В 1908 году Станиславский, словно разочаровавшись в современной драматургии, попробовал сам написать пьесу под названием "Комета", "фантазию в 4-х действиях". В архиве Константина Сергеевича сохранились фрагменты из либретто пьесы - второе действие в нескольких вариантах. Насколько можно судить по этим черновым наброскам, пьеса должна была быть написана в символистской манере. Космические, вселенские, общечеловеческие идеи, тема смерти как возмездия за греховную несправедливость земной жизни, условные образы героев, олицетворяющие одну страсть, возвышенная лексика - все говорит о том, что мотивы Метерлинка, Гамсуна, Л. Андреева все еще настойчиво преследуют художника. Есть несомненная перекличка драматургической пробы Станиславского и с таким классическим произведением русского символизма, как "Земля" В. Брюсова. Близкие мотивы возникали в эту пору и в новой музыке: они зазвучали в космической теме мирового хаоса скрябинского "Прометея" и в символическом реквиеме - "Острова мертвых" Рахманинова.
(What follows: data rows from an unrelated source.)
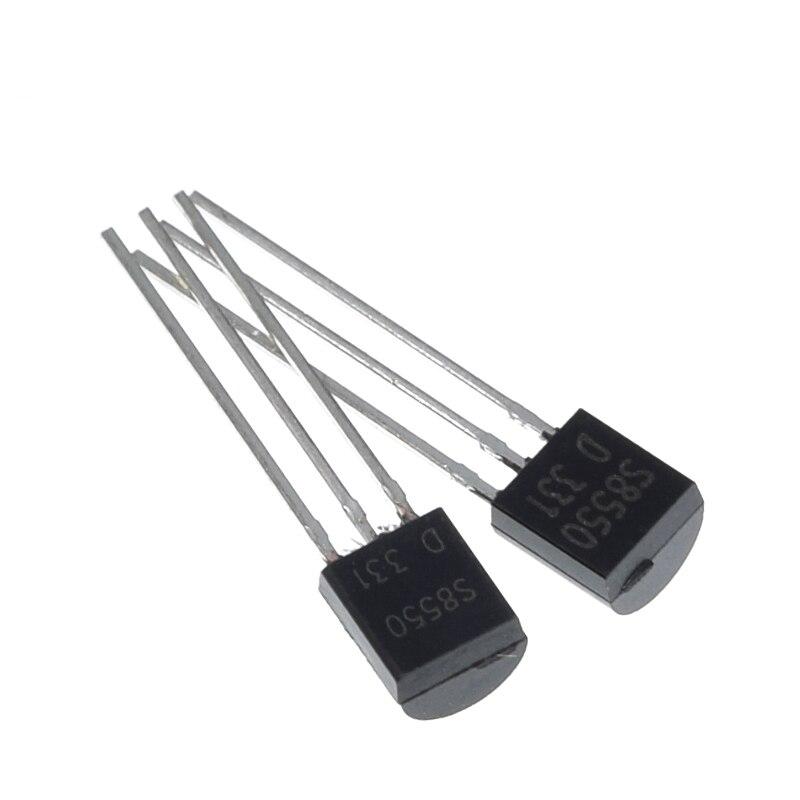 1pc S8050 TO-92 8050 TO92 new triode transistor - ASK Electronics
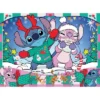 Ravensburger Disney Stitch Christmas XXL Jigsaw Puzzle - 100pc: Creative Thinking, Pop Culture Theme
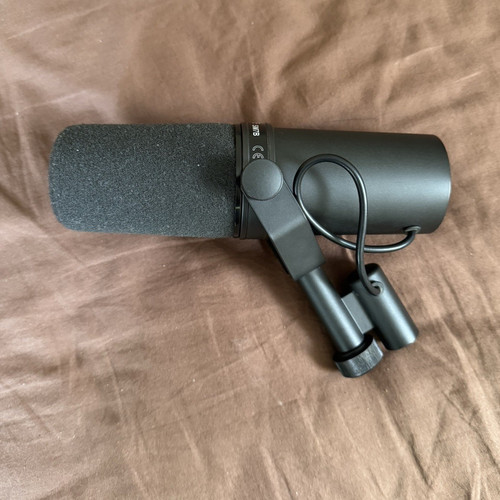 Shure sm7b microphone - shure,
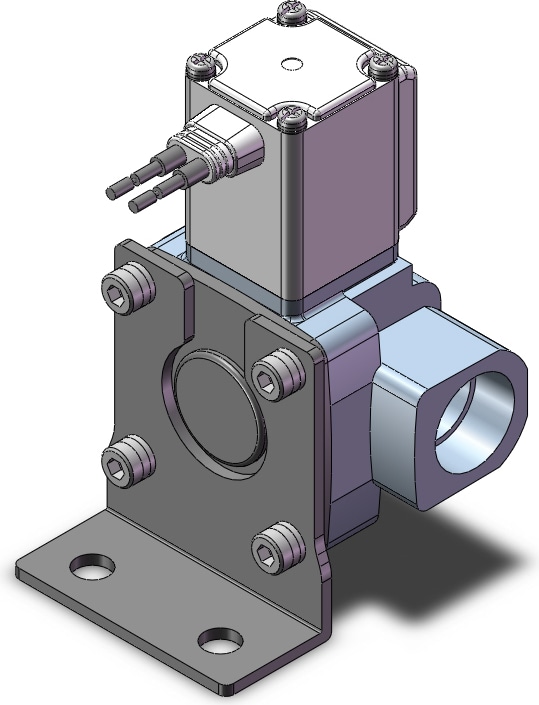 SMC VXD242KAEXB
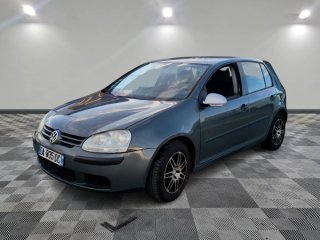 Volkswagen Golf 2004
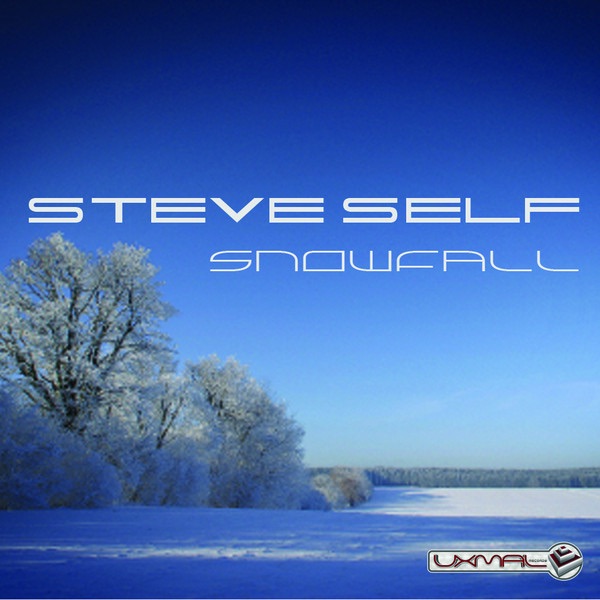Обложка альбома «Snowfall» — Steve Self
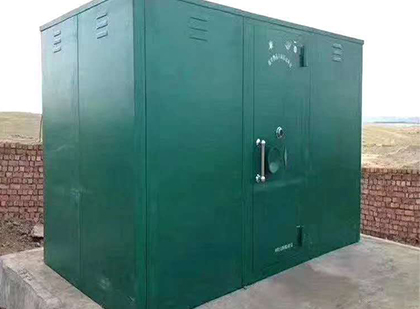 通山炸药柜的作用：不仅仅是容器，更是安全与管理的核心防线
Последний день мира вновь рисуется воображению Станиславского. Как в финальных сценах "Слепых", третьего акта "Драмы жизни", "Жизни Человека" и "Земли", здесь открывается фантастическая картина гибели людей: "Комета падает на землю и разрушает все, убивает людей, кроме двух: Человека (рудокопа) и Старухи. Действие происходит на перекрестке улиц, среди развалин, пожарища и валяющихся трупов. В глубине - контора акционерного] общества рудников. Из полуотворенной] двери торчат ноги распростертого в дверях трупа. Посреди улицы лежит постовой городовой. Окна разбиты. Извозч[ичья] пролетка - кучер упал с козел и лежит на тротуаре. Седок навзничь лежит в пролетке. Полная тишина. Ветер подымает кое-какие бумажки - деньги и иногда полы мундира городового*".
*(Здесь и далее цит. либретто К. С. Станиславского пьесы "Комета", 1908 г. Музей МХАТ, архив К. С.)
Мертвая тишина последнего дня мира (много позже она зазвучит страшной трагедией "атомного" века на его "последнем берегу") царит и в финале "Земли" - "сцен будущих времен" Брюсова. В тишине над "кладбищем неподвижных, скорченных тел... из разверзшегося купола сияет... небосвод и ослепительное солнце". Так "искуплен грех разъединения*". Разбит купол с искусственным воздухом, отделявший землю от неба, от Вселенной. Но оказывается, что за этим куполом нет воздуха. Люди могут искупить грех, соединиться с небом лишь ценою смерти.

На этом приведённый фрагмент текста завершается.